In the early morning of August 6, 1887 Tom went to a neighbor's home and said that someone had come into the family farmhouse and had attacked his family. He claimed that he had escaped by jumping out a window, waiting a while and returning to the home to find everyone dead in the home. He also claimed he had heard the killer or killers go out the back door and that he then washed himself up and threw his blood stained clothing down a nearby well.

The “authorities,” that of which they were at that time were summoned to the home along with the coroner, who was really the biggest person basically when it came to indictments in those days. They would find the bodies of fifty-four year old Richard Woolfolk, his wife, forty-one year old Mattie, twenty year old Richard, seventeen year old Pearl, ten year old Anne, seven year old Rose, five year old Charles, eighteen month old Mallie and Mattie's eighty-four year old aunt, Temperance West. All nine victims had been attacked and murdered with an ax. In this time period an ax seemed to be the most common weapon of choice for murderers, especially family annihilators.

Suspicion immediately fell onto Tom and the coroner asked for an inquest on the spot. Although Tom had claimed to have washed up it appears that he missed several areas. It was said that he still had specks of blood in or on his ears and a bloody hand print was on his leg. The spectators, which had grown to more than just a few as things went on, thought his behavior was odd in that he seemed to show little to no emotion to the fact that his entire family, save his two older sister, who were long ago married, had been murdered.

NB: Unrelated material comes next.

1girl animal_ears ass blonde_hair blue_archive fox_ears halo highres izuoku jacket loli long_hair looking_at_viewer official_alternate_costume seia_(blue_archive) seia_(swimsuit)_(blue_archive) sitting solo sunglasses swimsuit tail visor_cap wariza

It seems that the sheriff of Bibb County could tell where this was going and as the inquest was being done he had decided to sneak Tom out of the area and to the local jail. Based on the information at hand, including no signs of forced entry the coroners jury decided that Tom was guilty. The sheriff had been fearful that the townspeople may have conducted a lynching on the spot and he may have been correct and smart to remove him from the area. Tom was indicted on nine counts of murder and was nicknamed “Bloody Woolfolk.”

Although he was indicted for all of the murders Tom was only tried for the murder of his father. His trial began on December 5, 1887. For the times, the fact that it had been four months since the crime had been committed and he had been taken into custody was actually a long period of time. The trial lasted ten days and after “twelve minutes” of deliberations the jury pronounced Tom guilty of murder and sentenced him to death.

In February of 1889 the Supreme Court of Georgia overturned his conviction and ordered a new trial. Their reasons were that the court had “permitted damaging but inadmissible testimony” and the fact that during the closing arguments the spectators in the gallery chanted “Hang him! Hang him!” and the judge had not intervened. I have to give the courts credit for this because I have seen cases of the era, and much, much later that were clearly unfair trial and not reversed. That being said, despite a “change of venue” to Perry County, the second trial began less than four months after the case had been overturned. After a twenty-one day trial and forty-five minutes of deliberations on June 24, 1889 once again Tom Woolfolk was convicted and the following day he was sentenced to death. The following MONTH (yes I purposely capitalized this) the George Supreme Court upheld the conviction and sentence.

On October 29, 1890 Thomas Woolfolk entered the gallows in Perry County Georgia. Again, it is kind of amazing that while the appeal may have been denied within the month following the trial, he was executed by hanging for more than a year. It was said that even on the gallows Tom was proclaiming his innocence.